Investing.com - Natural gas futures added to strong gains on Thursday, rallying more than 5% after a report from the U.S. Energy Information Administration showed that natural gas inventories declined more-than-expected last week.
On the New York Mercantile Exchange, natural gas futures for delivery in March traded at USD2.547 per million British thermal units during U.S. morning trade, soaring 5.03%.
It earlier rose by as much as 5.25% to trade at a session high of USD2.553 per million British thermal units.
The March contract traded at USD2.455 prior to the release of the U.S. Energy Information Administration report.
The U.S. Energy Information Administration said in its weekly report that natural gas storage in the U.S. in the week ended February 10 fell by 127 billion cubic feet, after declining by 78 billion cubic feet in the preceding week.
Analysts had expected U.S. natural gas storage to drop by 126 billion cubic feet.
Inventories fell by 230 billion cubic feet in the same week a year earlier, while the five-year average change for the week is a decline of 178 billion cubic feet, according to U.S. Energy Department data.
Total U.S. natural gas storage stood at 2.761 trillion cubic feet as of last week. Stocks were 817 billion cubic feet higher than last year at this time and 765 billion cubic feet above the five-year average of 1.996 trillion cubic feet for this time of year.
The report showed that in the East Region, stocks were 302 billion cubic feet above the five-year average, following a withdrawal of 83 billion cubic feet.
Stocks in the Producing Region were 365 billion cubic feet above the five-year average of 686 billion cubic feet, after a net withdrawal of 37 billion cubic feet.
Despite the strong gain, prices were expected to remain under pressure as concerns over elevated U.S. inventory and production levels still lingered.
Inventory withdrawals this winter are running nearly 480 billion cubic feet below average, or about 33%, due to the lack of heating demand this winter.
Natural gas traders continued to monitor weather forecasts in key gas-consuming regions in the U.S. to gauge demand for the heating fuel.
Weather forecasters are predicting colder-than-normal temperatures across much of the U.S. West Coast and Rocky Mountain-region states in the next three-to-five-days.
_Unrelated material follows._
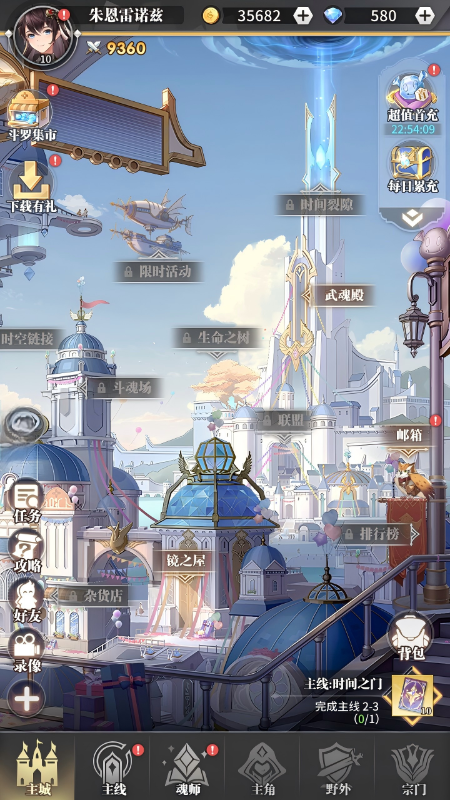 斗罗大陆武魂觉醒手游官网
However, milder temperatures were expected to return across most of the U.S. during the final two weeks of February.
This is typically the coldest time in winter, but temperatures in the U.S. have yet to reach levels cold enough to boost demand for the heating fuel, keeping prices depressed at unseasonably low levels.
Winter so far in the U.S. has been the second mildest since 1950. It is running about 13% warmer than the 30-year normal, according to recent data from MDA EarthSat.
Gas prices fell to USD2.319 per million British thermal units on January 20, the lowest since February 2002, before rebounding after a production-cut announcement by Chesapeake Energy sparked a massive short-covering rally.
However, market participants are reluctant to bet that prices will rise further amid a lack of production cut announcements from other major U.S. natural gas producers.
Traders said planned cuts so far were not enough to tighten a market seen oversupplied by as much as 3 billion cubic feet per day, or more than 4%.
Most analysts now expect gas inventories to end the winter at approximately 2.1 trillion cubic feet, 35% above average and near the all-time high for end-season storage of 2.148 trillion cubic feet set in 1983.
Elsewhere on the NYMEX, light sweet crude oil futures for delivery in April shed 0.3% to trade at USD101.82 a barrel, while heating oil for March delivery slumped 0.4% to trade at USD3.178 per gallon.